President Lincoln’s hopes for colonization of former black slaves in Haiti have been effectively dashed and he issues a “Proclamation Cancelling Contract with Bernard Koch:” He writes: “Know ye that, Whereas a paper bearing date the thirty first day of December, last, purporting to be an agreement between the United States and one Bernard Kock, for immigration of persons of African extraction to a dependency of the Republic of Hayti; was signed by me on behalf of the party of the first part; but whereas the said instrument was and has since remained incomplete, in consequence of the seal of the United States not having been thereunto affixed; And whereas I have been moved by considerations, by me deemed sufficient, to withhold my authority for affixing the said seal.”

President aide John Hay writes the White House regarding the situation with military commanders confronting Charleston: “The General and the Admiral this morning received the orders from Washington, directing the continuance of operations against Charleston. The contrast was very great in the manner in which they received them.

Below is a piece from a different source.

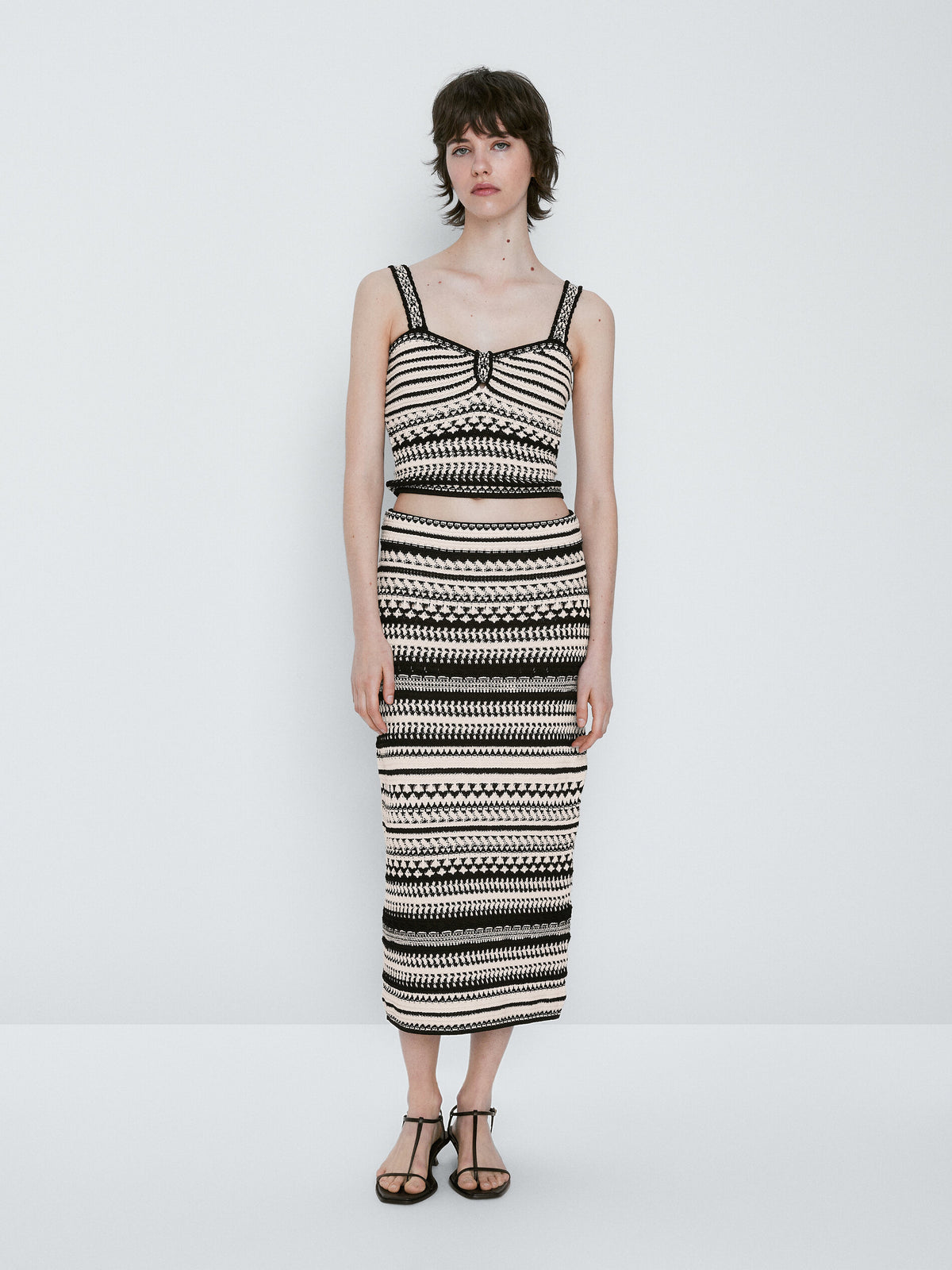 Falda midi punto jacquard - CRUDO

The General was absolutely delighted….He said, however, that the Admiral seemed in very low spirits about it….Whether the intention of the Government be to reduce Charleston now…or by powerful demonstration to retain a large force of the enemy here, he is equally anxious to go to work again….”

President Lincoln writes Secretary of War Edwin M. Stanton: “I understand that Major Easton, Q.M. in regular Army, and now serving at Leavenworth, Kansas, is sought to be dismissed on a charge of disloyalty. The present Governor of Kansas, [2] Senator Pomeroy, and U.S. Judge Williams, [3] (the latter of whom I have known nearly thirty years) all say he is not disloyal, but is a worthy and efficient officer. I therefore think we better not act without positive evidence. Perhaps better wait to hear from the Governor after he shall have reached home.”

Navy Secretary Gideon Welles writes in his diary regarding the continuing controversy between himself and Secretary of State Gideon Welles: “The President has been beguiled by ex-parte representations to indorse ‘approved’ on Seward’s little contrivance.  But this question cannot be so disposed of.  The President may be induced to order the Mail to be given up, but the law is higher than an Executive order, and the judiciary has a duty to perform.  The mail is in the custody of the court.”

In response to complaints about administration actions in Missouri, President Lincoln writes a memo about the complaints he often receives: “In answer to the within question “Shall we be sustained by you?” I have to answer that at the beginning of the administration I appointed one whom I understood to be an editor of the ‘Democrat’ to be Post-Master at St. Louis — the best office in my gift within Missouri. Soon after this, our friends at St. Louis, must needs break into factions, the Democrat being, in my opinion, justly chargeable with a full share of the blame for it. I have stoutly tried to keep out of the quarrel, and so mean to do. As to contracts, and jobs, I understand that, by the law, they are awarded to the best bidders; and if the government agents at St. Louis do differently, it would be good ground to prossecute [sic] them upon.